Imelda se fue. Y nuestras lágrimas tienen un extraño sabor épico, un sabor de vida heroica. Humana hasta el final de sus días. Cada célula de su cuerpo comprometida con aquello en lo que creía.
La recuerdo a principios de los sesenta en nuestro colegio común, el Carmen. Una de las chicas brillantes de su promoción. Pero por más esfuerzos que hago no puedo hallar en mi memoria ninguna imagen suya de esos años donde su rostro mostrara algo de superioridad, de arrogancia, o siquiera de legítimo orgullo. No. Siempre fue como la flor de la retama, de una alegría sencilla, y muy nuestra..
Algunos años después la volví a encontrar, ahora en Lima. Alfabetizando a gente de un pueblo joven con el método de Paulo Freire. Fue una sorpresa. Ella del contingente de la UNI y yo de la Católica. Ella con unas ideas y yo con otras no muy diferentes. Pero ambas de izquierda, ambas con los sueños de esos tiempos, pensando que había que hacer todo por buscar un mejor destino para nuestro país, con la pasión de los diecinueve años...
Nos reencontramos hace unos cuatro años. En la pasión por Jauja. Cuando supo que yo tenía algunas ideas, de inmediato me llamó. Comenzamos a reunirnos. Su casa y la mía fueron testigos de múltiples confidencias "jaujinas". Me contó la historia del cotón en Jauja. Me habló de las casonas y de los balcones. Y vino lo de la Plaza de Armas. Luchó hasta que lo logró. Preocupándose de todos los detalles, hasta de los mínimos, como cuando presentó la maqueta en Lima. No hizo su tesis ni cuidó su salud. Y más de una vez de sus frágiles bolsillos salieron fondos que nunca regresaron. Era ostensible el dolor que sentía porque el día tuviera más horas para estar con Carlitos, su hijo.

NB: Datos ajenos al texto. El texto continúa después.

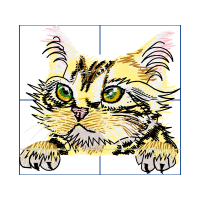 Cat Animals Cat Animals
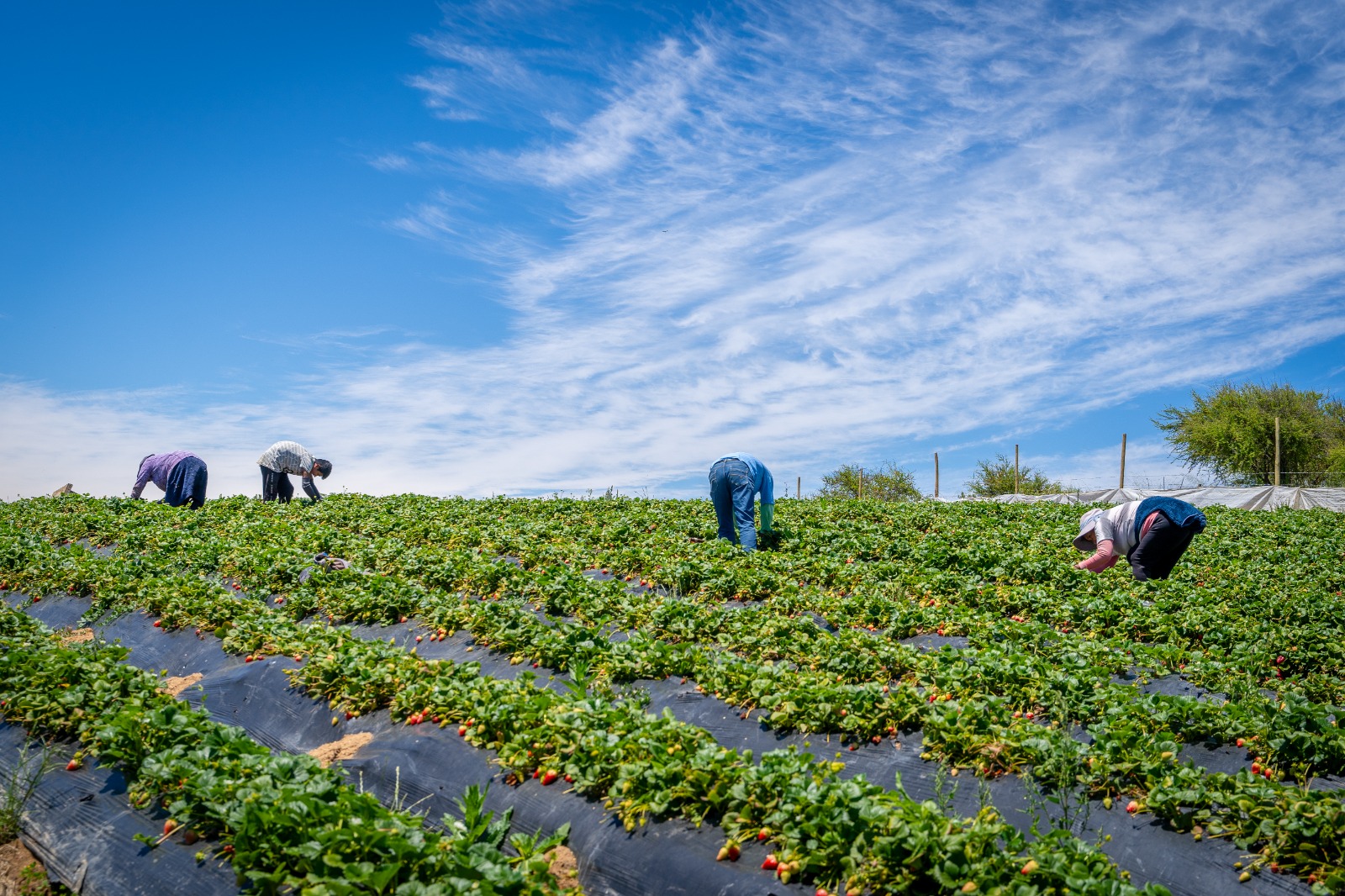 Ministerio de Agricultura transfiere $13 mil millones en apoyo a pequeños agricultores ante el alza de insumos
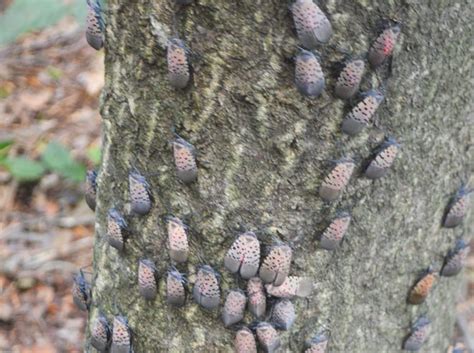 Spotted Lanternfly NJ: Egg masses should be destroyed, state says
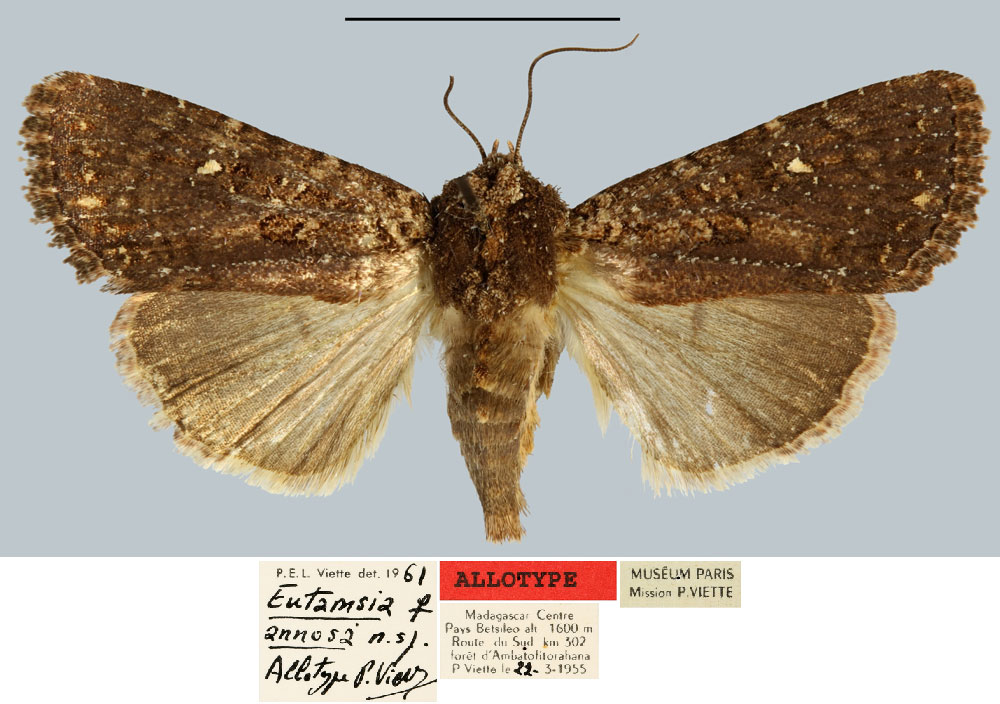 /filer/webapps/moths/media/images/A/annosa_Eutamsia_AT_MNHN.jpg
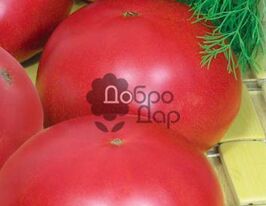 Малиновое виканте купить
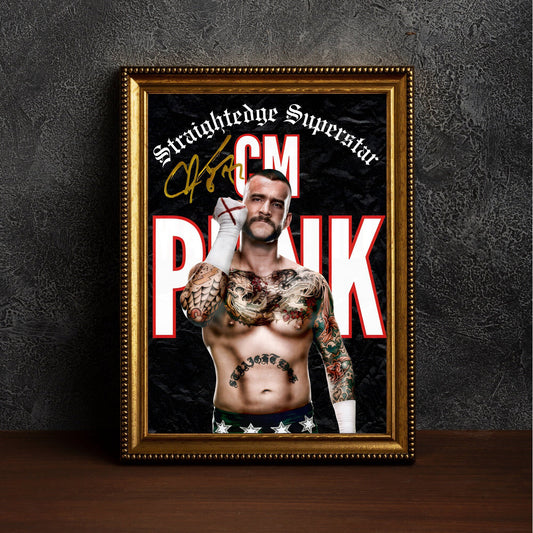 Poster CM Punk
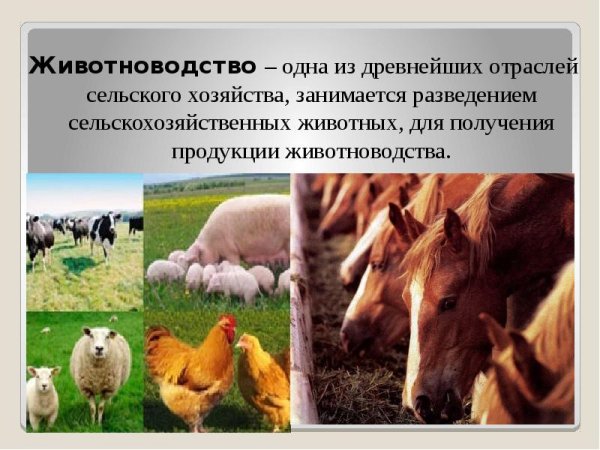 Отрасли животноводства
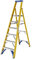 Werner Fibreglass Platform Stepladder 6 Tread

Trabajó en silencio, huyendo de las cámaras, sin entender por qué todos la queríamos y apreciábamos su trabajo. Pues en su espíritu generoso no había lugar para los halagos ni los honores. Siempre estaba ocupada soñando. Y dando aliento a todo proyecto útil para Jauja. Soñaba con la hermosa plaza, con la afluencia de turistas, con un renacimiento económico basado en lo que es nuestro, en el patrimonio escondido que se empeñó en sacar a la luz.
Yo agregué a sus sueños el Museo de Jauja, que ya no es un sueño lejano. Porque no concibo otra forma de recordarla que continuando lo que ella comenzó. Ojalá que se respete el plano original de la Plaza de Armas: el canto rodado, los árboles, el bronce. Ojalá que a nadie se le ocurra poner luces de colores o la "modernidad" del mal gusto.
Y no lejos de esta plaza, en honor a Imelda, algún día tendremos el museo que no nos permita olvidar de dónde vinimos, el archivo histórico y musical que muestre a los nuevos jaujinos la trayectoria de la música y la alegría de las cuales son herederos. Ya no estamos en Jauja, pero podemos permanecer allí con algo más que la nostalgia. Ayudando a que los jóvenes que hoy la habitan, como nosotros lo hicimos hace varias décadas, puedan hacer realidad sus sueños.
Estoy triste. Miro los aretes azules que Imelda me regaló durante nuestra última entrevista, que ella sabía que era una despedida. Y nuevamente hablamos de la Plaza de Jauja y de todo lo que ella pensaba quedaría inconcluso.
Y mis lágrimas son por tristeza pero también de orgullo, por haber tenido el privilegio de tenerla cerca. Y porque su vida es un testimonio de que todavía son posibles la verdad, la generosidad, la belleza, y el sueño por un mundo mejor.